From: Tom Honermann <tom_at_[hidden]>
Date: Sun, 11 Jul 2021 11:50:21 -0400
FYI, WG14 N2761
<http://www.open-std.org/jtc1/sc22/wg14/www/docs/n2761.pdf> proposes
extending the printf() format syntax to allow passing char16_t and
char32_t strings. From the abstract:

> The formatting family of functions (printf, scanf, etc; hereafter
> referred to as "format functions") have
> supported the l type modifier for the c and s format specifiers for a
> while, the point of the l modifier is to
> add support for "wide" characters/strings.
>
> The concept of "wide" characters/strings comes from Unicode's history,
> back in the late 80s/early 90s
> when it was thought that Unicode could be contained within 65535
> characters, which has not been true
> since the advent of the UTF-16 and UTF-32 encoding forms, which were
> presented as part of Unicode
> 2.0 in July 1996.
>
> On the internet, according to Web Technology Surveys, Unicode and it's
> derivatives/ancestors (ISO-
> 8859-1, ASCII, Windows-1252) make up 98.0% of webpages, as of December
> 2020.
>
> Combine that fact, with the fact that the only 16 and 32 bit character
> sets I can find in my research are
> UTF-16, UCS-2, UTF-32, and UCS-4; All Unicode encodings.
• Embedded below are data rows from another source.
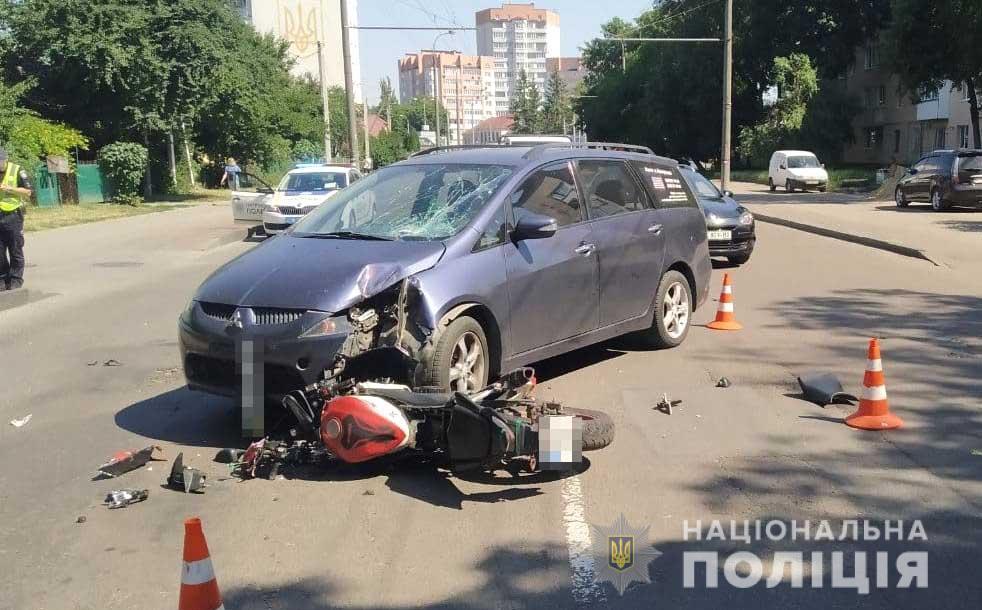 У ДТП у Рівному постраждав неповнолітній мотоцикліст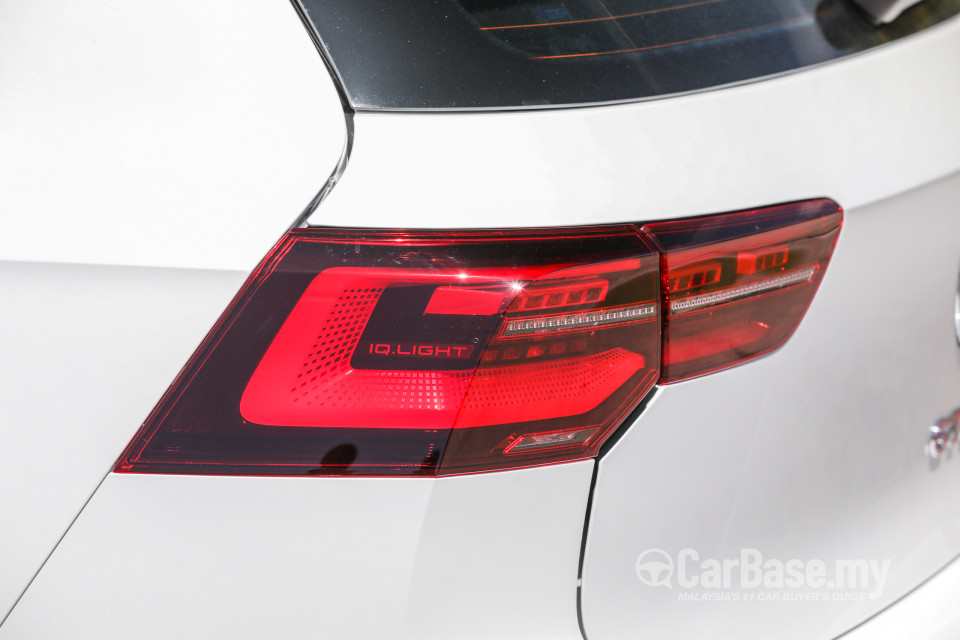 Volkswagen Golf GTI Mk8 (2022) Exterior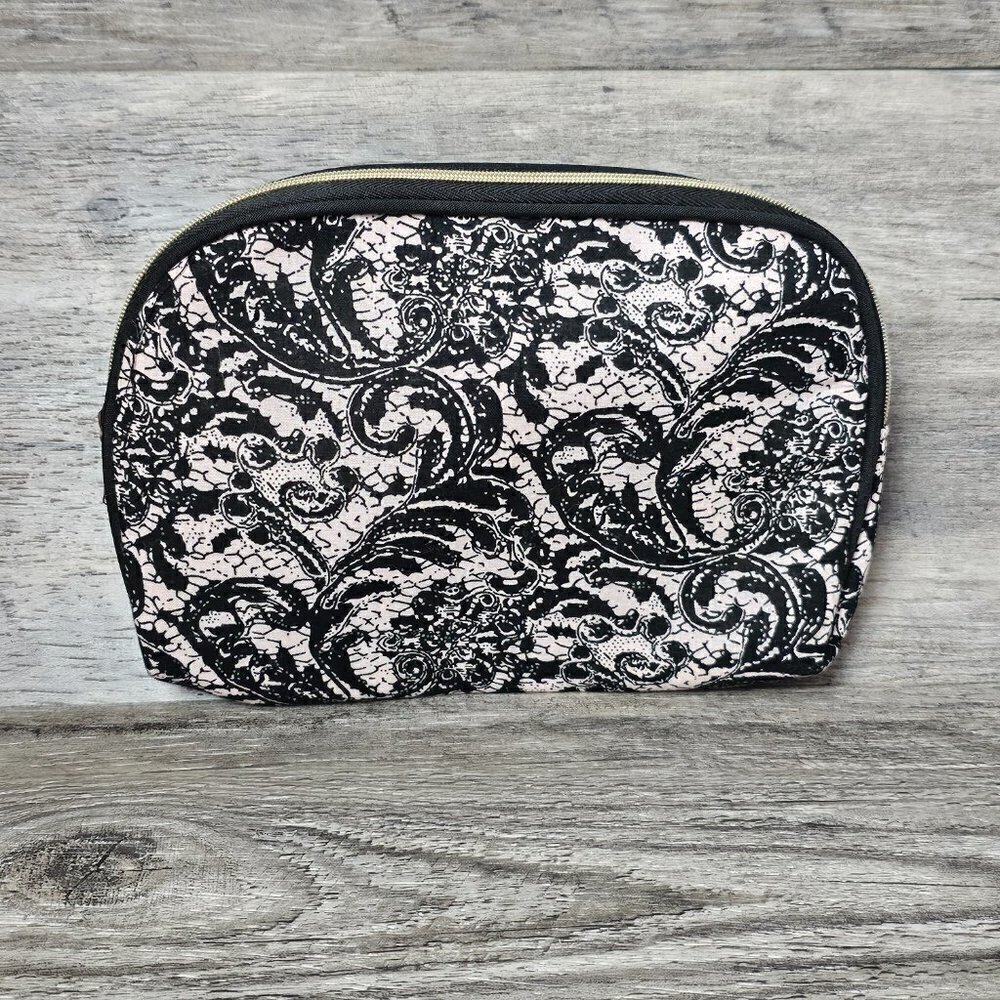 🚨401 Paisley Black And White Cosmetic Makeup Bag
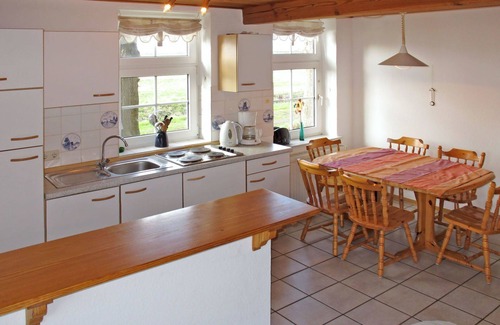 Bunde House | Cosy apartment in villa for 7 people with WIFI, TV, terrace and pets allowed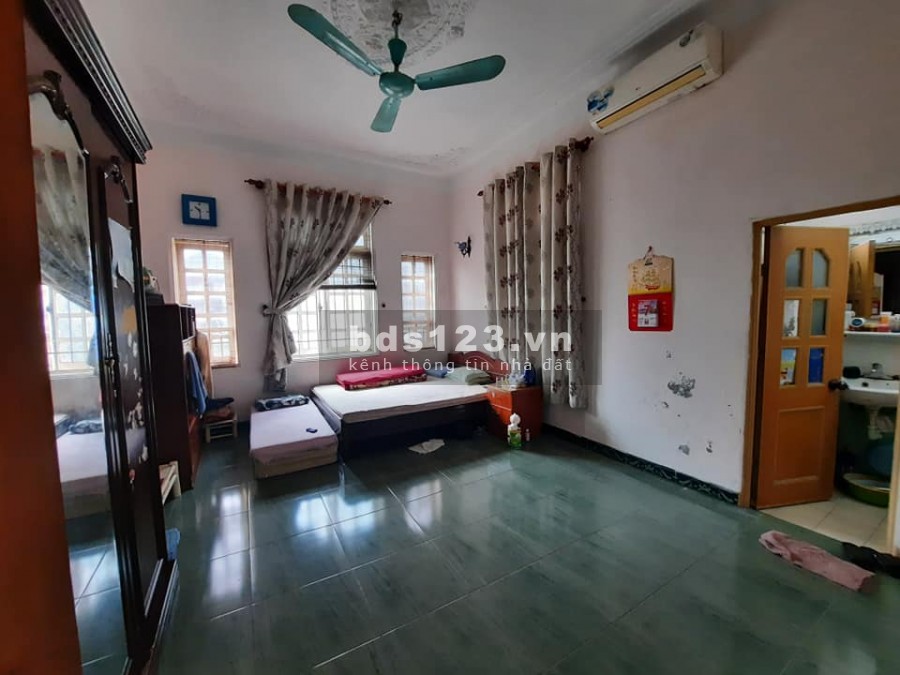 Bán nhà diện tích rộng 100m2, 4 tầng, ngõ ô tô Ngọc Thuỵ Long Biên, giá hợp lí 5x tỷ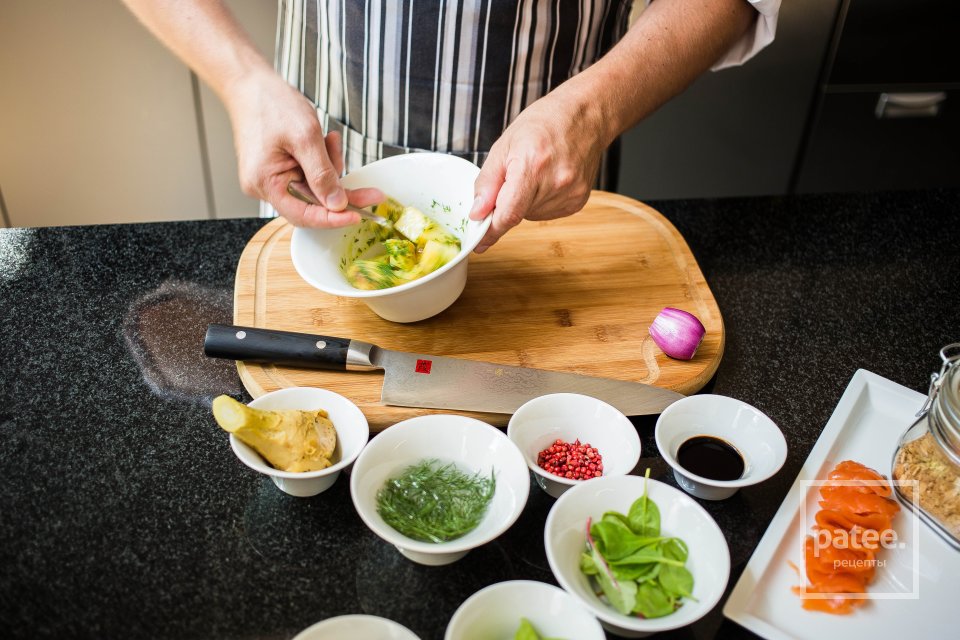 Салат из форели с дымком - Шаг 5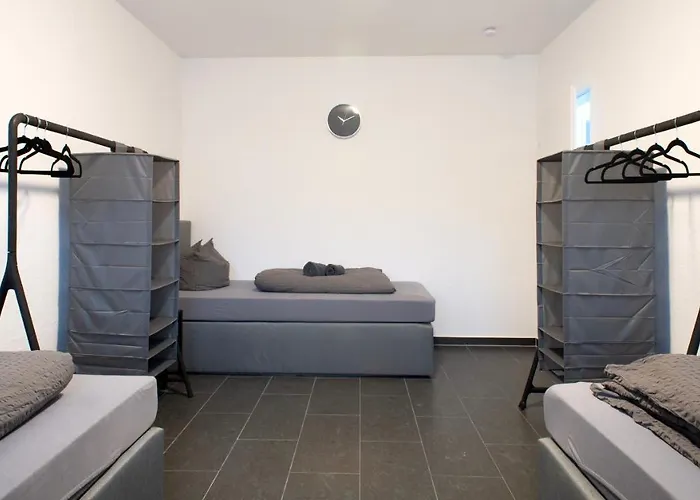 Modern Cozy - Three Box Spring Beds 아파트 *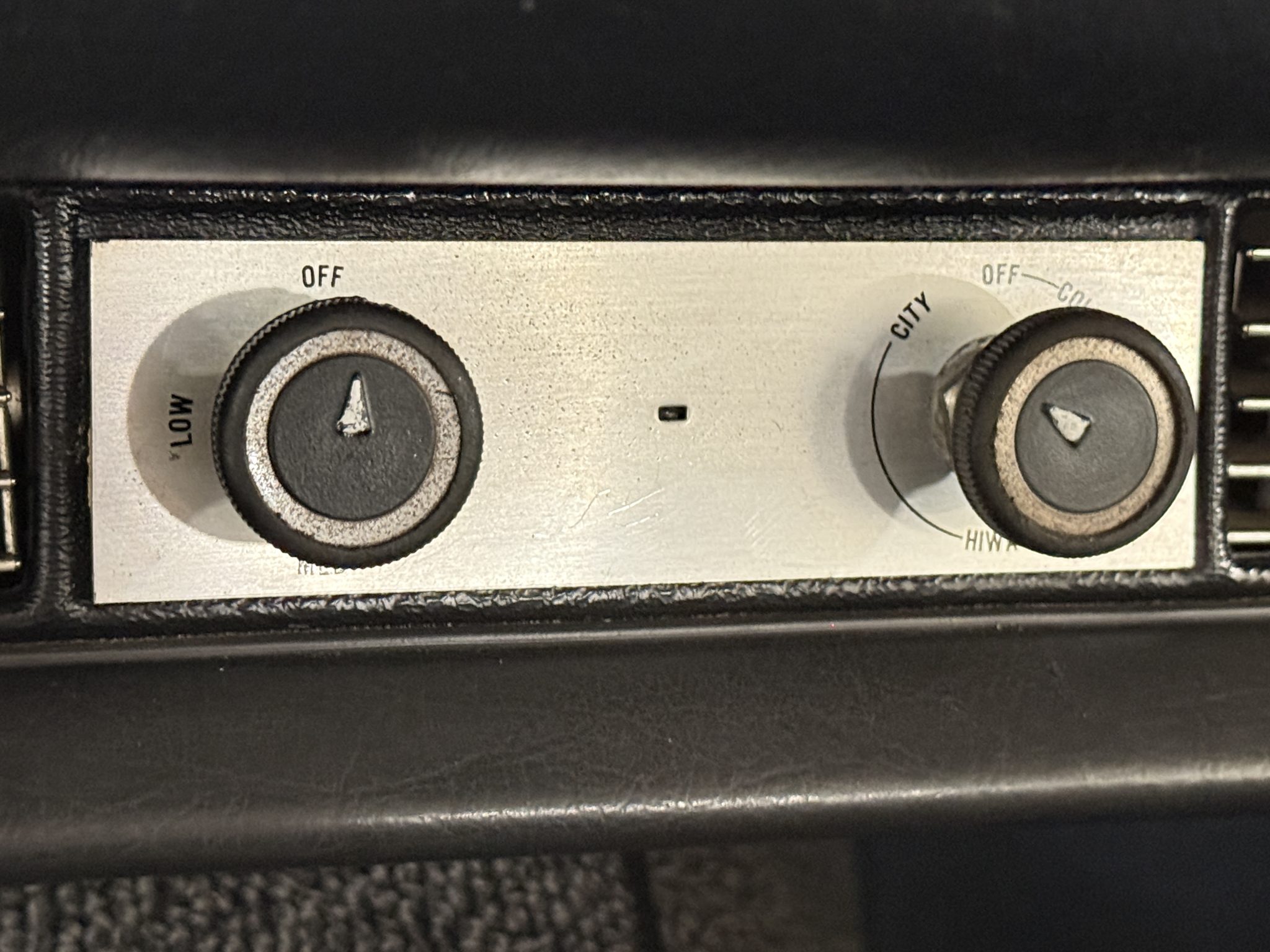 1970 Mercedes-Benz 280SL - Interior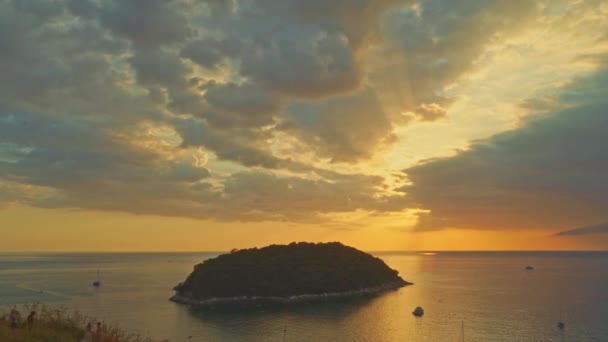 Fantastisk Solnedgång Himmel Över Havet Med Fartyg Och Båtar — Stockvideo
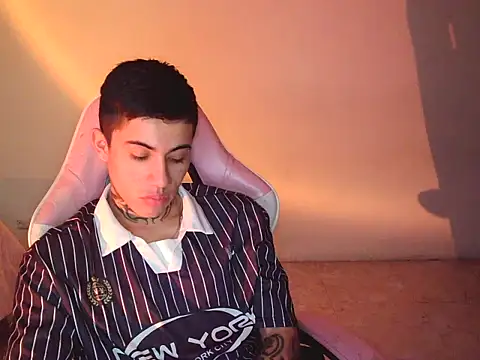 XXX chat uživo modela David_LongVibe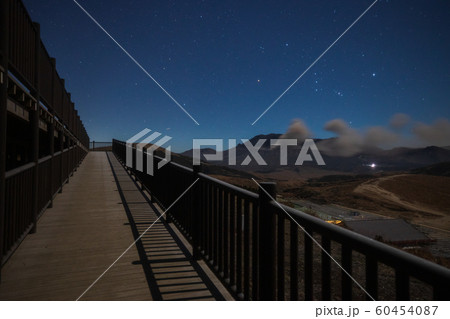 《熊本県 阿蘇山》 草千里展望所からの星空とオリオン座と阿蘇山の噴煙 60454087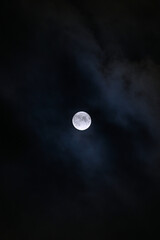 Vollmond am Himmel in der Nacht mit Wolken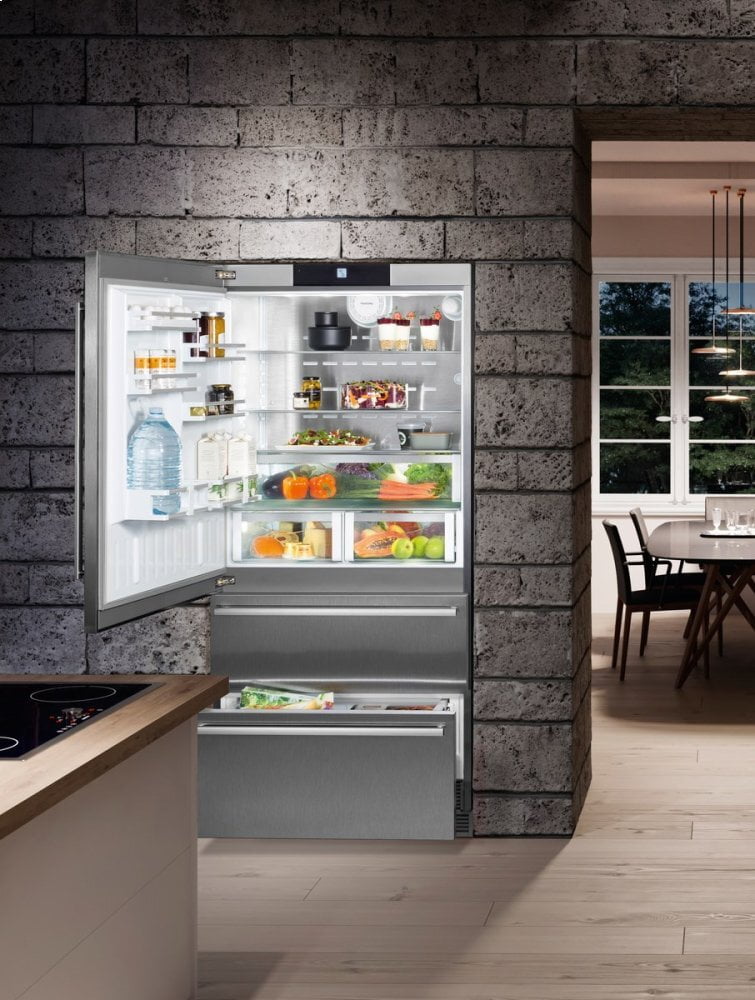 Liebherr CS2081 36" Fridge-Freezer With Nofrost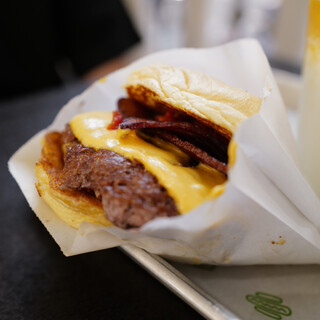 SHAKE SHACK_1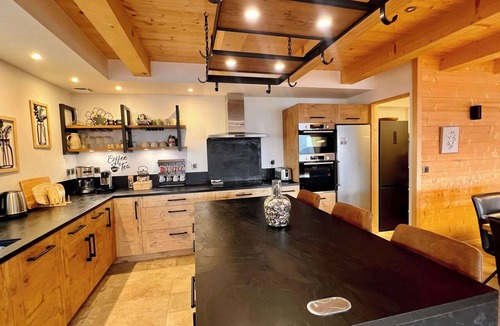 Manigod Ski Chalet | Chalet Serbijanka with Jacuzzi Sauna Hammam and Private Spa for 14 Guests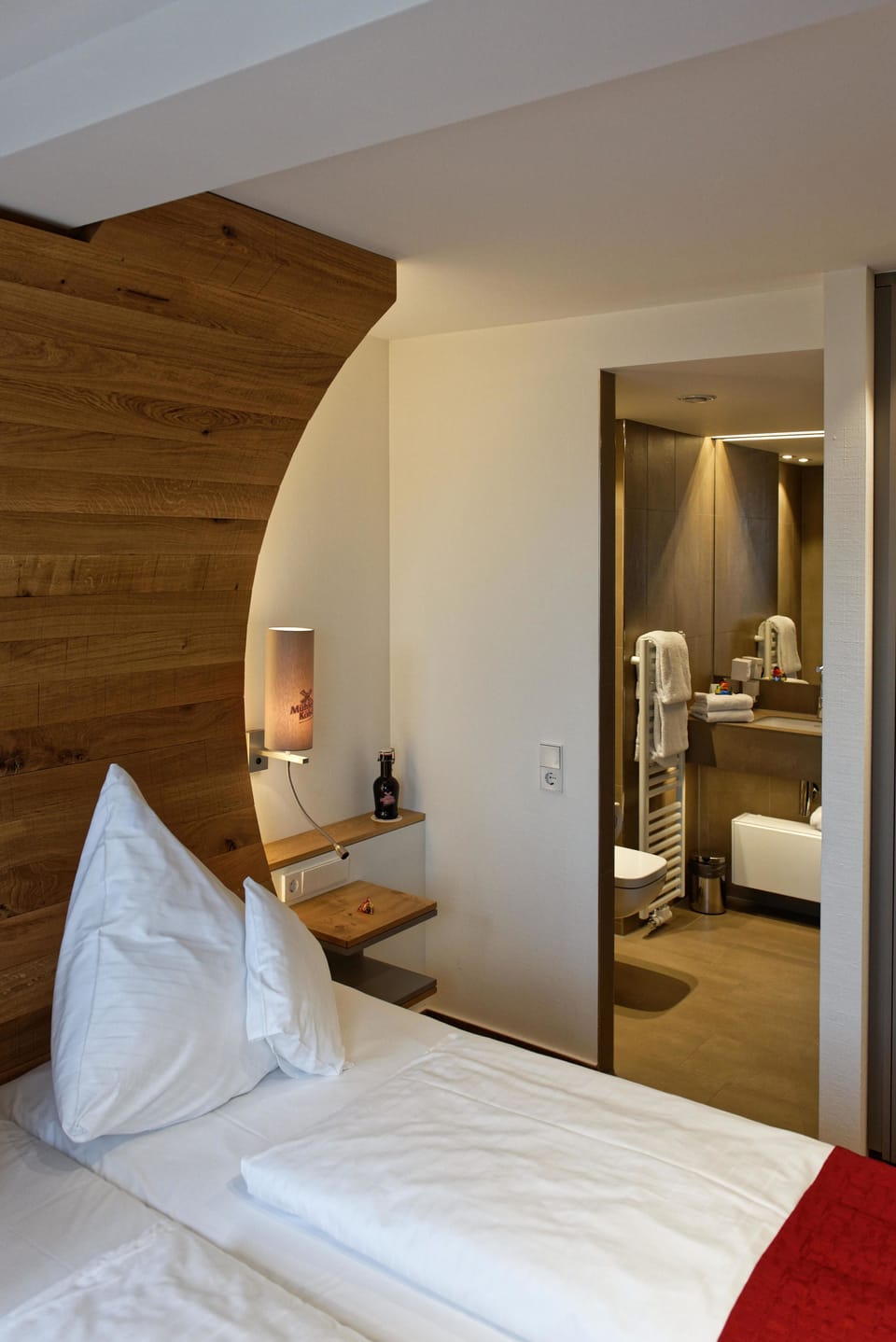 Room amenity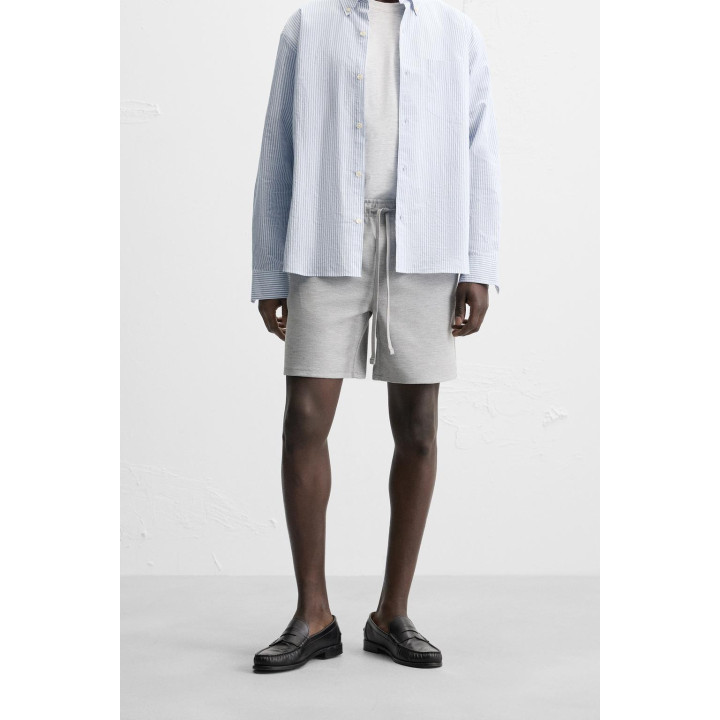 ШОРТЫ КОМФОРТНОЙ ПОСАДКИ ИЗ РЕЛЬЕФНОЙ ТКАНИ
UCS-4 is an
> alias for UTF-32, and UCS-2 is
> an ancestor encoding that UTF-16 superseded by adding Surrogate Pairs,
> and Surrogate Pairs are
> encoded in such a way that it can't affect the de/en coding of
> char16_t codepoints by any Unicode
> compatible codec from the last quarter century, and it becomes clear
> that in use, char16_t and char32_t
> can ONLY contain Unicode.
>
> The C standard it's self, as of C11 introduces typedefs for these
> characters in uchar.h, char16_t and
> char32_t.
>
> But there is still problems today with wide characters and strings and
> Unicode character and string types.
> Take this simple program for example [0] This simple program produces
> no output on my computer,
> compiled with Clang 11 on MacOS or Windows.
>
> In short, wide characters and strings are a broken and obsolete feature.
>
> But, I'm not here to wrestle with the committee about removing or even
> deprecating wide characters/string
> support from the standard library.
>
> Instead, I'm here to propose a more sane solution to this mess: Add
> two length modifiers to format
> specifiers, l16 and l32 for c and s specifier types for UTF-16 and
> UTF-32 support respectively.
>
> So format specifiers would look like %l16c, %l16s, %l32c, %l32s
>
> I've implemented support for the 16 and 32 extension to the l (ell)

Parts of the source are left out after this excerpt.